- **TASK DETAILS**:
All the lines below need to be output exactly, apart from any images.

(SOURCE MATERIAL Opens)

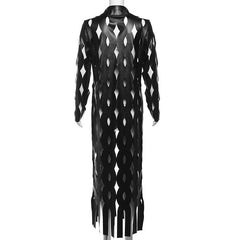 Turnover collar hollow out PU leather long sleeve coat top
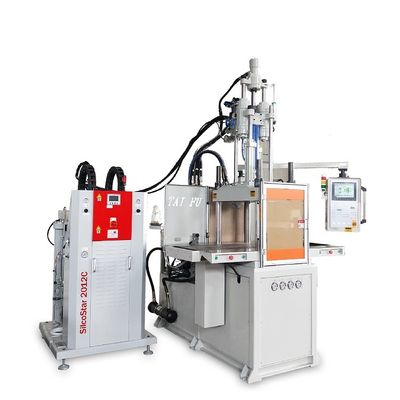 Máquina de moldeo por inyección vertical de doble deslizamiento LSR para moldear cubos de hielo de silicona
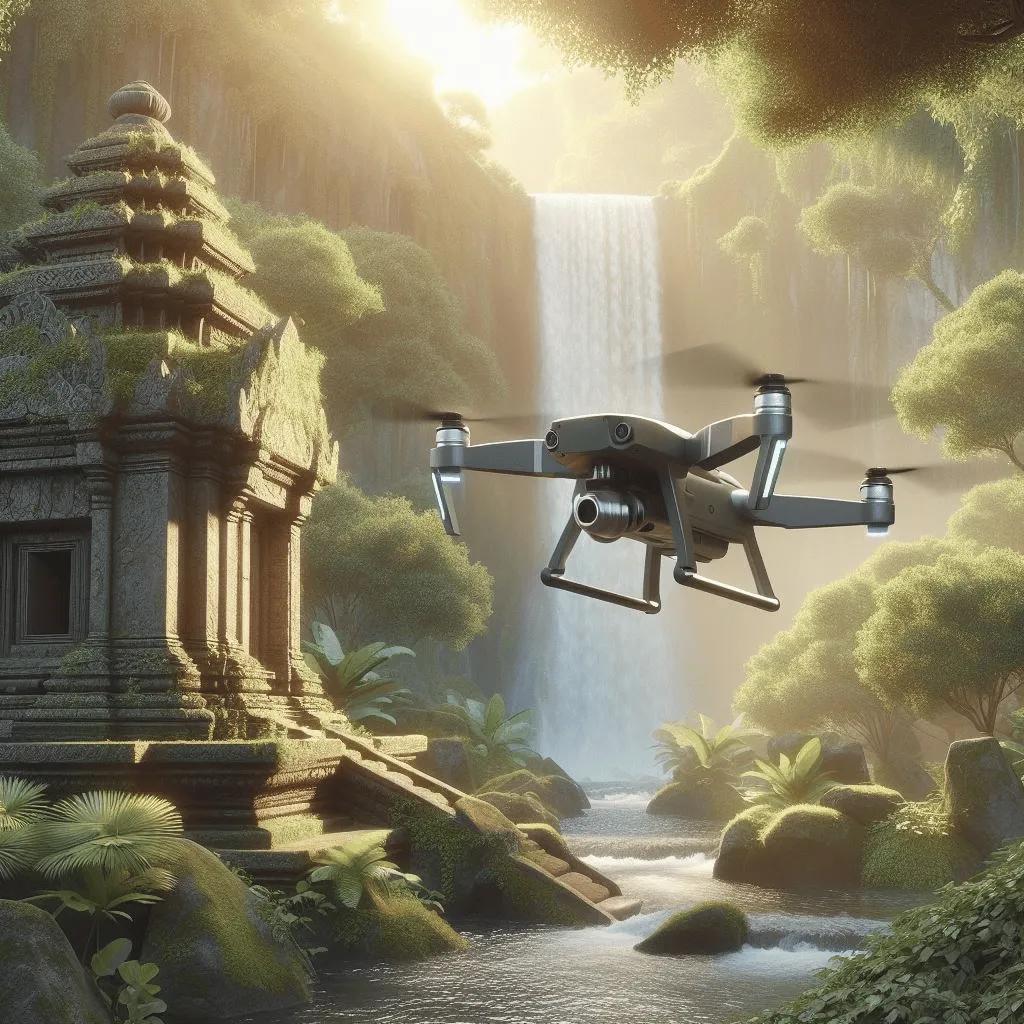 A sleek drone hovers gracefully near an ancient temple surrounded by lush greenery, capturing the serenity of the scene. The propellers are frozen in motion, displaying intricate details, while a cascading waterfall provides a dynamic backdrop.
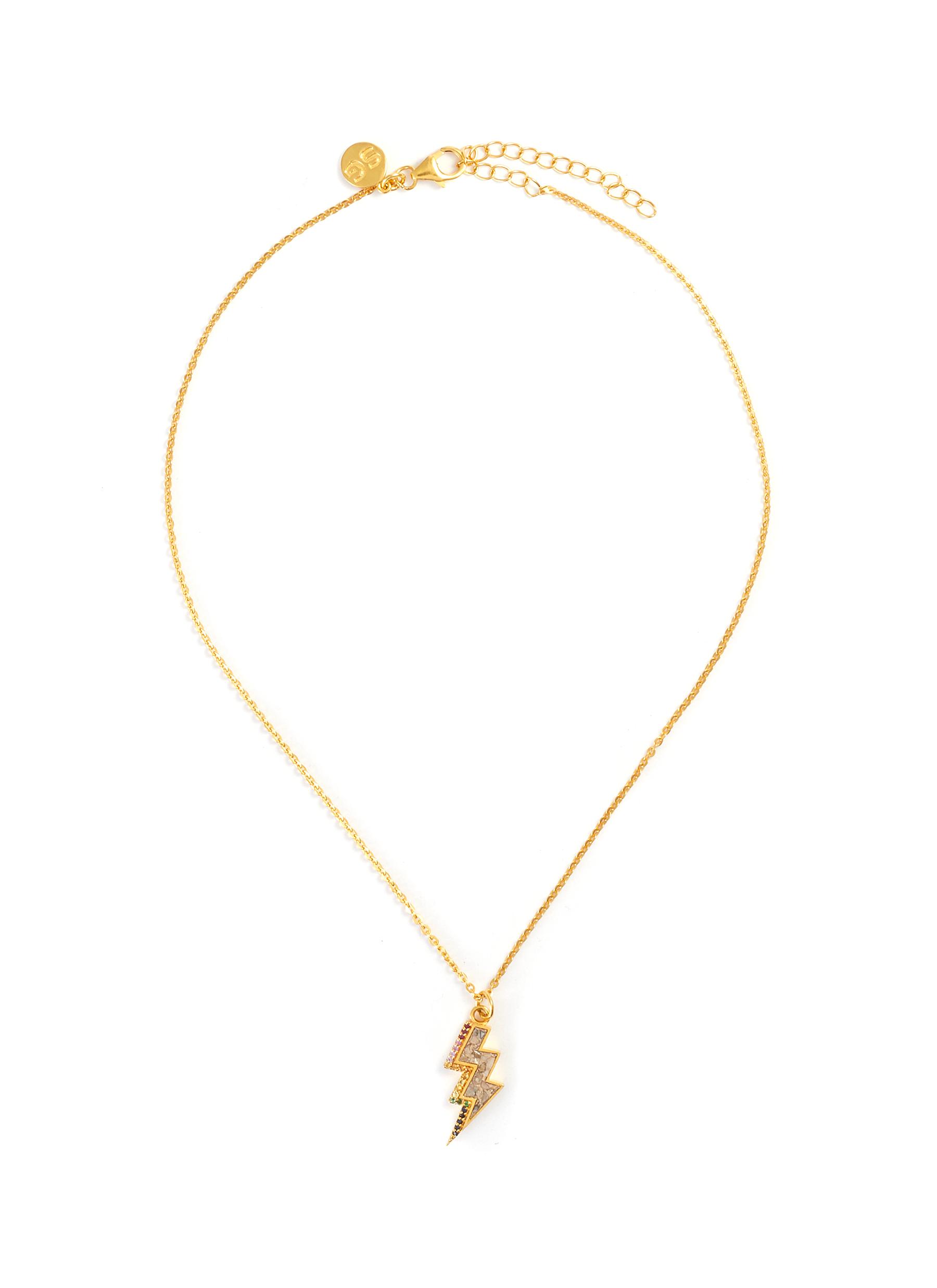 'Rishi Bolt' Diamond Sapphire Ruby Emerald 18k gold vermeil pendant necklace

(SOURCE MATERIAL Closes)

- **RESPONSE AREA**:
 Turnover collar hollow out PU leather long sleeve coat top
 Máquina de moldeo por inyección vertical de doble deslizamiento LSR para moldear cubos de hielo de silicona
 A sleek drone hovers gracefully near an ancient temple surrounded by lush greenery, capturing the serenity of the scene. The propellers are frozen in motion, displaying intricate details, while a cascading waterfall provides a dynamic backdrop.
 'Rishi Bolt' Diamond Sapphire Ruby Emerald 18k gold vermeil pendant necklace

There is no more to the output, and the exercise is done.